Opinion pollsters when conducting focus groups try to encapsulate the opinions of everybody taking part into a simple sentence: often not the easiest thing to achieve, but if you can, the results can be devastating. The most amusing example of this was across the Tasman in 2004.

The Australian Labor party had elected a man called Mark Latham as its leader. He was initially quite popular, until “middle Australia” got to know him, at which point people developed huge concerns. Liberal party pollsters conducting focus groups distilled the ‘sentence’ about Mark Latham into: “He reminds me of the creepy Westie guy my sister used to date who later ended up in Long Bay.”  (Sorry, I shouldn’t laugh, but I can’t help it.)

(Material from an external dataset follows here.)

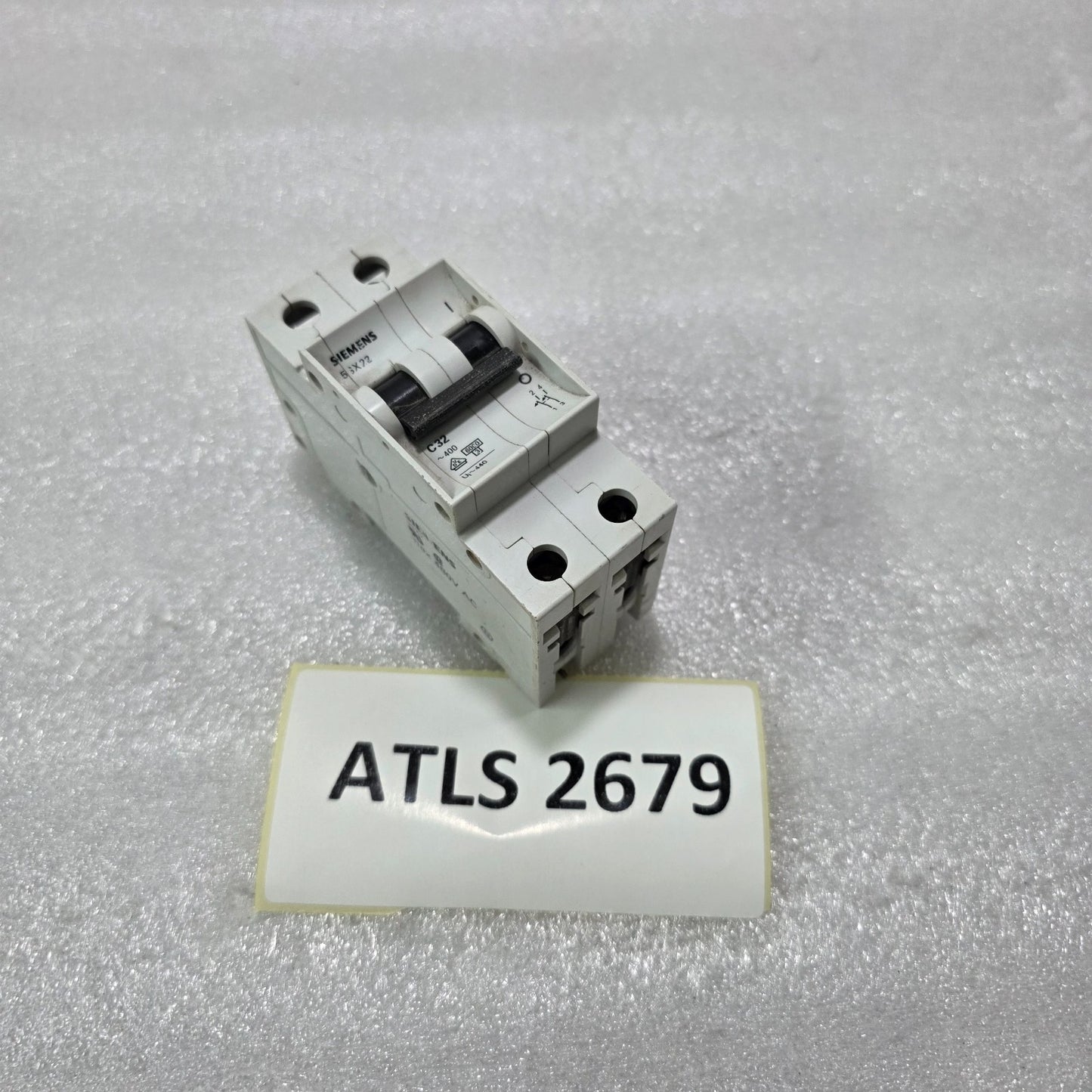 SIEMENS 5SX22 C32 2P 32A TYPE C 400V 6KA MCB MINIATURE CIRCUIT BREAKER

Whenever Lynton Crosby had a room full of ordinary Australians, he’d hold up a photo of Mark Latham and read out that statement. Everyone from truck drivers to bank clerks to elderly ladies would get immediately animated and say, “That’s it, that’s who he reminds me of!” And the rest is history.

The National Party, wanting to avoid another Sam Uffindell (or future Mark Latham), have gotten enormously paranoid when it comes to candidate selection, as evidenced by the current search for a candidate for Hamilton West. In order to be a National candidate or MP, you have to be squeaky clean, apparently. Except nobody actually is. Such a person rings huge alarm bells for me; it’s not so much that they’re squeaky clean, as excellent at concealing their bad qualities. Which begs the question as to what else they may seek to conceal if a cabinet minister in a few years, for instance.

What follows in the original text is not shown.